Il est prévu que les modalités d’organisation de la désignation seront prévues lors de la première réunion du CSE suite à l’élection des membres de la délégation du personnel par une résolution adoptée à la majorité des membres présents. Il est rappelé que ne peuvent se porter candidat dans une commission SSCT que les salariés membres de la délégation du personnel au CSE titulaires ou suppléants.

Il sera alors fixé un calendrier avec une date limite pour la transmission des candidatures, et une date pour le jour du vote. Il est indiqué que ces modalités du vote relatif à la désignation des membres de la CSSCT, tout comme le vote en lui-même sur les membres de la CSSCT donneront lieu à un vote à bulletin secret et que les principes généraux du droit électoral seront appliqués.

Il est prévu quatre réunions par année au minimum de la commission SSCT

Sont informés et invités aux réunions de la commission SSCT le médecin du travail, le responsable interne du service de sécurité, l’agent de contrôle de l’inspection du travail et l’agent de prévention des organismes de sécurité sociale.

Missions : Elle prépare les réunions du CSE dédiées aux questions SSCT, établit un rapport à la destination du CSE, effectue les enquêtes et visites. Un rapporteur est désigné pour réaliser un compte rendu des réunions au secrétaire du CSE et au Président.

Conformément aux dispositions légales, les seules compétences qui demeurent au sein du CSE composé dans son ensemble sont les décisions éventuelles de recourir à un expert, celles liées à une consultation et enfin, les décisions d’ester en justice. Pour ces trois aspects, la commission SSCT a uniquement pour attribution de procéder à une préparation des décisions et éventuellement à une mise en œuvre de celles-ci.

Il est prévu que chaque membre de la commission SSCT bénéficiera de 5 heures de délégation qui s’ajoutent aux heures de délégation individuelles dont les membres de la commission bénéficient au titre de leur mandat au CSE.

Le temps passé par tous les membres, élus ou syndicaux, aux réunions de la commission, aux enquêtes et inspections, est payé comme temps de travail effectif et n’est pas déduit des heures de délégation.
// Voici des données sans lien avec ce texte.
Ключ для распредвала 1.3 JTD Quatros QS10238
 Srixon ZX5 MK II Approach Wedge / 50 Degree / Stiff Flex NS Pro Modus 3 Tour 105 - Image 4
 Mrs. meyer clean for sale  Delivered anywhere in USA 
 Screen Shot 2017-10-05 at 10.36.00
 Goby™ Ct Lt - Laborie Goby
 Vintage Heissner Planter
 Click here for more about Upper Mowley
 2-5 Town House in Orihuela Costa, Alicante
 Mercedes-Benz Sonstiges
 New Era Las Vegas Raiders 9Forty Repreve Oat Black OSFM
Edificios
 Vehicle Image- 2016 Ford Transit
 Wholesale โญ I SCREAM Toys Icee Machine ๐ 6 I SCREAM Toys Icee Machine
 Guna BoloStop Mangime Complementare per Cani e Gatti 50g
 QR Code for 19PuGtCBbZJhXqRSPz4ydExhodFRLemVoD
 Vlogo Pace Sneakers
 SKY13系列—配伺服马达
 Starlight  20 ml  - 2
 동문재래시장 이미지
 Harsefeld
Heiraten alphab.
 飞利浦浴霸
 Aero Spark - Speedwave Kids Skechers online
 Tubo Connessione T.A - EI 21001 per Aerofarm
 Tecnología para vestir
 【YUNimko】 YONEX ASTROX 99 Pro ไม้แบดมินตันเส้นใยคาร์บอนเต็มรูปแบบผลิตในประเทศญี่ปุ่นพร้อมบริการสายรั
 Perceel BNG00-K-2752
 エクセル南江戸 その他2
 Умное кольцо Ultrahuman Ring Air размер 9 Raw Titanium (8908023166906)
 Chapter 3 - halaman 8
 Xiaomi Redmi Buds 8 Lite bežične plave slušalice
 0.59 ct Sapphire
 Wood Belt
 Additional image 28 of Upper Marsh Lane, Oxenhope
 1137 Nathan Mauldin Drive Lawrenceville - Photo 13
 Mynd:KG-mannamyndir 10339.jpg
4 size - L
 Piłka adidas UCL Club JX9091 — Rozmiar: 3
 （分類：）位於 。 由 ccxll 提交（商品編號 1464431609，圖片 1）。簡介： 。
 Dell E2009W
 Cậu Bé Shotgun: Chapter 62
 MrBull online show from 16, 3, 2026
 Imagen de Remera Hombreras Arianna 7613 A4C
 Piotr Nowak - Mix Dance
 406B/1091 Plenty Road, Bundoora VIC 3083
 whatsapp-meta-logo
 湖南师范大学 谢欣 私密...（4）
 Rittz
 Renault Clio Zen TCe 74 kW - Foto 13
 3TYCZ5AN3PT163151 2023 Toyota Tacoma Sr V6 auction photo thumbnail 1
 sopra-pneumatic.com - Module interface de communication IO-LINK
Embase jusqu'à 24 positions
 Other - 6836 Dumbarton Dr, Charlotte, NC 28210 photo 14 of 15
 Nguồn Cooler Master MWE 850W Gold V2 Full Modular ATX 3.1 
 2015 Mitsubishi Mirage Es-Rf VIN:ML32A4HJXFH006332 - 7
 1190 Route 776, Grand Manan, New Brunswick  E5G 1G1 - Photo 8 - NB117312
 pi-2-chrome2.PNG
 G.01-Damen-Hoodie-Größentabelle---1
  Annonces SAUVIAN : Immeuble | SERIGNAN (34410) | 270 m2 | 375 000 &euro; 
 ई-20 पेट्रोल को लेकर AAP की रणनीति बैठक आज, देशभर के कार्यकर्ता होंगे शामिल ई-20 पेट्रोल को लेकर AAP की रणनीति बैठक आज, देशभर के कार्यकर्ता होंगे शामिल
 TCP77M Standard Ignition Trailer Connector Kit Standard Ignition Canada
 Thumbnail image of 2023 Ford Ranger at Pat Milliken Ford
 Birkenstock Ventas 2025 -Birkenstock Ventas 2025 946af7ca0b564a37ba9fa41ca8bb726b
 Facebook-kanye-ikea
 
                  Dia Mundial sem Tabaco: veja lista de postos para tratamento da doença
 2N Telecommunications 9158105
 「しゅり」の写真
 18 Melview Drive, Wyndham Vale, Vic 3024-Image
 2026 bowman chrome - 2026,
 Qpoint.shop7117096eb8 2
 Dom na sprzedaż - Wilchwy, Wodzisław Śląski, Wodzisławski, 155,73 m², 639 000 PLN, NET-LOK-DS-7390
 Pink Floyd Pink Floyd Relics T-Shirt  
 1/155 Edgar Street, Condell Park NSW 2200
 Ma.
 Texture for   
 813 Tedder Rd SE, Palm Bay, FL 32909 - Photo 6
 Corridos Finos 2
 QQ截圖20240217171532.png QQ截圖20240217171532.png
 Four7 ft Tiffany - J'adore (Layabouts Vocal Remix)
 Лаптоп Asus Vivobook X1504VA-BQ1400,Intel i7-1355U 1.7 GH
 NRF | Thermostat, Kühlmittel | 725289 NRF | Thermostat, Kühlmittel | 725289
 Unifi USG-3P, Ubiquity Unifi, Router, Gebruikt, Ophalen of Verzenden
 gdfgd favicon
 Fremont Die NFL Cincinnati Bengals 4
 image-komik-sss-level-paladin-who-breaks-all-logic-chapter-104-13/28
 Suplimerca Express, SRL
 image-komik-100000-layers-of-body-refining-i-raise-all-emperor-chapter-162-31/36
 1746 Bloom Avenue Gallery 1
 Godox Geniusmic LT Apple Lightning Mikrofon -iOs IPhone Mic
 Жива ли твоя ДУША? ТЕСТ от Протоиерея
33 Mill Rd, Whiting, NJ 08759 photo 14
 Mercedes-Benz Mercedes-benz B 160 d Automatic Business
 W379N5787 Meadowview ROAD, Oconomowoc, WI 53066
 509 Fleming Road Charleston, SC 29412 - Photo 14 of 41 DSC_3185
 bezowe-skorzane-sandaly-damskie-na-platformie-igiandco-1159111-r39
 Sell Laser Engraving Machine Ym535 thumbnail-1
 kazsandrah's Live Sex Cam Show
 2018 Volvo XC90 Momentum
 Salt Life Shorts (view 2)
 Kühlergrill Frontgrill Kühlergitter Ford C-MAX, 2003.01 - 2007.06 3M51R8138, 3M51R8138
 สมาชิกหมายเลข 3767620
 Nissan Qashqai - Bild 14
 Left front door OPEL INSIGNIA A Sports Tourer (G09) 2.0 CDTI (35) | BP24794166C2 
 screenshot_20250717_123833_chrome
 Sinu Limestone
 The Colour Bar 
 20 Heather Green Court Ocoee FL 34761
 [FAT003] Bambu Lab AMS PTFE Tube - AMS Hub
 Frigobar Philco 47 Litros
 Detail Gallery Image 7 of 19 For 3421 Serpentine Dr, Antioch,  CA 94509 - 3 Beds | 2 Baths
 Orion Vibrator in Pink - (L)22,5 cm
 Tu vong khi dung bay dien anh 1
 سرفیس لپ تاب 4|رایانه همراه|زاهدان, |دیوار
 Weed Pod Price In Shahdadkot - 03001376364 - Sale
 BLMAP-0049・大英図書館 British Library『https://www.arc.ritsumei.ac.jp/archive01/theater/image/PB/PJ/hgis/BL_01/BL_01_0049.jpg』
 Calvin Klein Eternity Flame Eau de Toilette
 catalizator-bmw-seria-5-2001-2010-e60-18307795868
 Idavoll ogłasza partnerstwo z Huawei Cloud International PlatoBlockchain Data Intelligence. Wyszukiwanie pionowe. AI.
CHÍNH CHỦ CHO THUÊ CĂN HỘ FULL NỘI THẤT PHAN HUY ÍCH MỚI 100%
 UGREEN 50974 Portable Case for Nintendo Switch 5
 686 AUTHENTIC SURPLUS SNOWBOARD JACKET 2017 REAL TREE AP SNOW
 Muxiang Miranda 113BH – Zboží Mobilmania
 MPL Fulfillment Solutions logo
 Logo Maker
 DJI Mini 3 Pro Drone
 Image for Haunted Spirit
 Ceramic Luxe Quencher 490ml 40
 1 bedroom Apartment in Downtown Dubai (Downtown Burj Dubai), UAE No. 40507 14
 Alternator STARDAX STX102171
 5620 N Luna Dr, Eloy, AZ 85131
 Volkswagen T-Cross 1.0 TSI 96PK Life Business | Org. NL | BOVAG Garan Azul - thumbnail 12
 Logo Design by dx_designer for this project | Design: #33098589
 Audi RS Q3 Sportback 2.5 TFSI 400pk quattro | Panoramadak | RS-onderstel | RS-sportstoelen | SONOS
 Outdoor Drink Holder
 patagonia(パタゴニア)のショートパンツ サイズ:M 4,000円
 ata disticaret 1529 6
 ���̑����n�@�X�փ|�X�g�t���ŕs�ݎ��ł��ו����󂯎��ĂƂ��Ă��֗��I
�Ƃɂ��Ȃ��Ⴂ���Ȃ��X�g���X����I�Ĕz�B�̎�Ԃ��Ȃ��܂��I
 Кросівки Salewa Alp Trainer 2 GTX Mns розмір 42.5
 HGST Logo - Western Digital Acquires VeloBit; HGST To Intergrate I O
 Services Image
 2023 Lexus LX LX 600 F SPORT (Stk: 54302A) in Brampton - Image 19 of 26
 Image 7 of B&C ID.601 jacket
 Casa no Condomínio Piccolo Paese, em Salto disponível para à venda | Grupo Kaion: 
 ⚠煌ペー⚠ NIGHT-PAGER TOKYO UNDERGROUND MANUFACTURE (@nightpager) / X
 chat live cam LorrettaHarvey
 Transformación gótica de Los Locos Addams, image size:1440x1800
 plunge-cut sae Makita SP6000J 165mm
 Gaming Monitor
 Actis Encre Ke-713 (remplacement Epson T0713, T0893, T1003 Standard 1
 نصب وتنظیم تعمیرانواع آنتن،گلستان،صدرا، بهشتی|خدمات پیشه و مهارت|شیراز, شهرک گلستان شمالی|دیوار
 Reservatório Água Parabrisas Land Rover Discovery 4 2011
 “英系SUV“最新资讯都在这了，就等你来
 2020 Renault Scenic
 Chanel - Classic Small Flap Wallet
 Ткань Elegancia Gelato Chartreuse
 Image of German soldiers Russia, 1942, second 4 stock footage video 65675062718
La commission peut faire appel à titre consultatif et occasionnel au concours de toute personne de l'entreprise qui lui paraîtrait qualifiée.

Les membres de la commission SSCT bénéficient de formation nécessaire à l’exercice de leurs missions en matière de santé, sécurité et conditions de travail.

1.2.4. Moyens de fonctionnement du CSE

Il est convenu que les représentants du personnel au CSE bénéficieront de 22 heures de délégation mensuellement. Le ou la secrétaire du CSE bénéficie de 5 h supplémentaires par mois.

Par ailleurs, il est précisé que l’ensemble des heures passées par les représentants du personnel en réunion du comité ne sont pas déduites des heures de délégation et sont considérées comme du temps de travail effectif et payé comme tel.

Les élus titulaires du CSE peuvent, chaque mois, se répartir entre eux et avec les membres suppléants le crédit d’heures dont ils bénéficient (Art. L 2315-9 du Code du Travail). Cette répartition ne doit pas amener l’un d’eux à disposer, dans le mois, de plus d’1,5 fois le crédit d’heures d’un élu titulaire.

1.2.5. Budgets du CSE

- Budget ASC :

Le budget dédié aux activités sociales et culturelles est au minimum de 0,4% de la masse salariale de l’UES de Boucheron. Il est renégocié chaque année lors des NAO.

  • Budget de fonctionnement :

Il est au minimum de 0,2% de la masse salariale de l’UES de Boucheron. Il peut être renégocié chaque année.

Article 2. Les représentants de proximité

Conformément aux dispositions légales, les parties conviennent de mettre en place au sein de l’entreprise des représentants de proximité.

Article 2.1. Nombre de représentants de proximité et définition des périmètres

Il est convenu que les représentants de proximité sont mis en place au sein des périmètres suivants et de fixer le nombre de représentants de proximité comme suit :

  • Un représentant de proximité pour les boutiques parisiennes par collège (cadre et non cadre) soit deux représentants de proximité pour les boutiques parisiennes et un représentant de proximité pour la (les) boutique(s) de province.

Article 2.2. Désignation des représentants de proximité

Malgré tous les efforts de représentativité, il peut arriver que certains sites ou services ne soient pas représentés au sein du CSE. Ceci peut nuire au dialogue social en limitant la circulation d’information.

Les parties conviennent que les représentants de proximité peuvent être des salariés non membres de la délégation du personnel au CSE, mais ils peuvent tout aussi bien être également membres de la délégation du personnel au CSE.

Les représentants de proximité sont désignés par les membres représentants des salariés titulaires du CSE selon les modalités suivantes, pour une durée qui prend fin en même temps que les mandats au CSE :

  • La désignation des représentants de proximité aura lieu dans un délai de 3 mois suivant les élections du CSE.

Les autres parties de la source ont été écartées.